This salutary US initiative has the potential to rescind the recognition of the bulk of the
Palestinian diaspora as “refugees”. Thus, even if they continue to receive international aid
to help ameliorate their humanitarian situation, this will not be as potential returnees to
their alleged homeland in Israel.
Once the Palestinian diaspora is stripped of its fraudulent refugee status, the door is then
open to settling them in third party countries other than their claimed homeland, and to
their naturalization as citizens of these counties.
Naturalization of Palestinian diaspora in countries of residence
In this regard, the Trump administration has reportedly undertaken an important
initiative–see here; here; and here. According to these reports, President Trump has
informed several Arab countries that, at the start of 2019, he will disclose a citizenship
plan for Palestinian refugees living in those countries.
Significantly, Palestinian sources told the news outlet: “Trump informed several Arab
countries that the plan will include Jordan, Syria, and Lebanon.” According to these
sources: “the big surprise will be that these countries have already agreed to naturalize
Palestinian refugees.” Moreover, it was reported that senior US officials are expected to
seriously raise an American initiative with several Arab countries—including stipulation
of the tools to implement it, the number of refugees, the required expenses, and the
logistics demanded from hosting countries for supervising the process of “naturalization
It is difficult to overstate the significance of such an initiative, which coincides precisely
with the second element in the foregoing tripartite plan. For, it has the potential to
remove the ominous overhang of a five million strong (and counting) Palestinian diaspora
that threatens to inundate the Jewish state and nullify its ability to function as the nation-
state of the Jewish people.
As such, the Israeli government and all pro-Zionist entities should strive to ensure its
Emigration: The preferred option of the Palestinians?

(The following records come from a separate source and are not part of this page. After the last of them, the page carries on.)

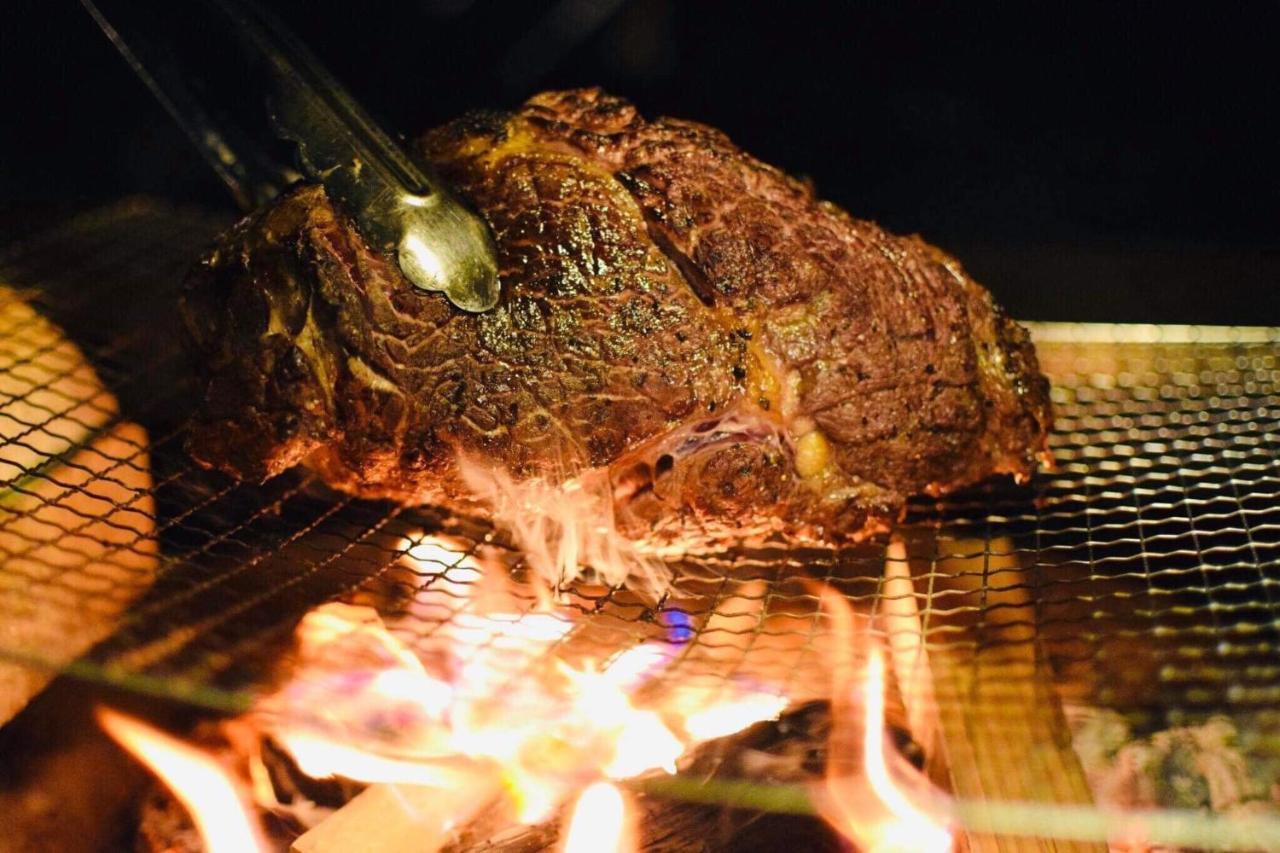 Wakugawa Yanbaru Bbq Campsite מראה חיצוני תמונה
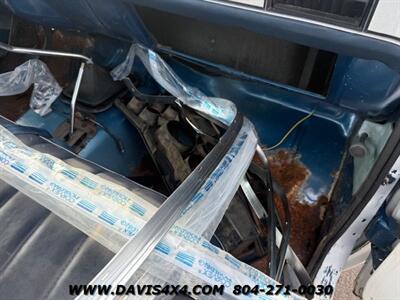 1985 Chevrolet K10 Silverado Squarebody 4x4   - Photo 12 - North Chesterfield, VA 23237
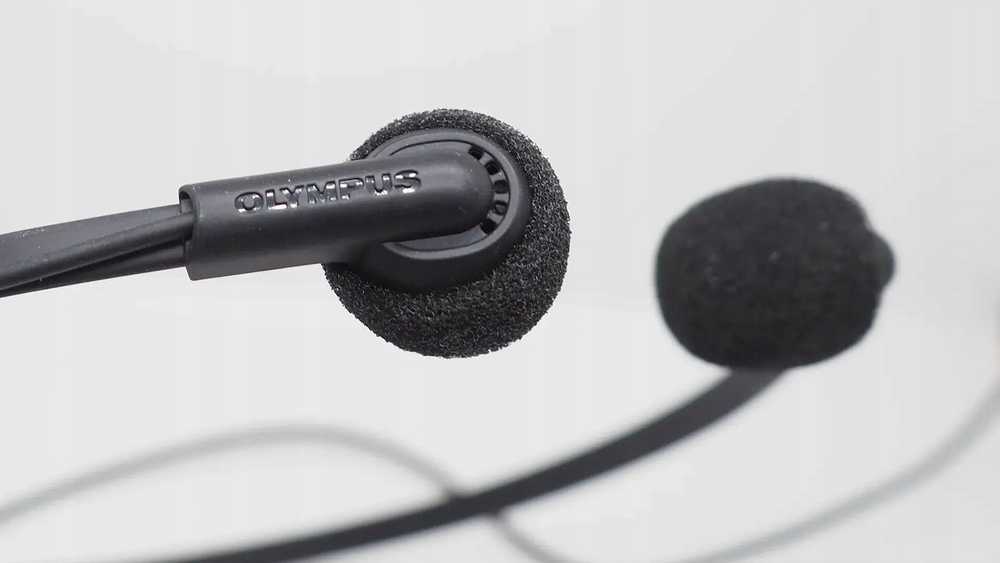 Ausinės Olympus OM System TA-E103-E1 Stereo Earphone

As for the third element of the tripartite plan, emigration of the Palestinian population to
third-party countries, there is rapidly accumulating evidence that emigration is emerging
as an increasingly sought-after option. Indeed, earlier this month, Israeli mainstream
media highlighted the desire to leave Gaza in order to seek a better life elsewhere. For
example, the popular website, YNetnews, ran a piece entitled, Gaza suffers from brain
drain as young professionals look for better life, with the Hebrew version appearing a few
days previously, headlined The flight from Gaza: What Hamas is trying to conceal from
the media. Likewise, the KAN Channel ran a program reporting very similar realities
These items come on the heels of a spate of previous articles that describe the widespread
clamor among Gazans to find alternative places of abode—see for example For Young
Palestinians, There’s Only One Way Out of Gaza (Haaretz) ; Thousands Abandon
Blockaded Strip as Egypt Opens Crossing (Alaraby); As Egypt Opens Gaza Border, A
Harsh Reality is Laid Bare (Haaretz); and How Turkey Has Become the Palestinian
Promised Land (Haaretz).
The Ynetnews piece describes the fervor to leave: “Leaving Gaza is expensive,
particularly for the residents of the impoverished coastal enclave…The demand is high,
and the waiting list to leave is long…Those wishing to cut short their wait must pay for a
place on a special list, which is run by a private firm in Gaza…The price for a place on
this special list is $1,500—a fortune for the average resident of Gaza…”
It would appear then, that the only thing preventing a mass exodos from Gaza is…money.
Which is precisely what the tripartite plan proposes providing.
Let their people go: A slogan for April’s elections?
There is, of course, little reason to believe that, if Israel were to leave Judea-Samaria,
what happened in Gaza would not happen there. After all, the preponderance of
professional opinion appears to hold that, if the IDF were to evacuate Judea-Samaria, it
would likely fall to elements very similar to those that seized power in Gaza—and the
area would quickly be transformed into a mega-Gaza-like entity, on the fringes of Greater
Tel Aviv—with all the attendant perils that would entail.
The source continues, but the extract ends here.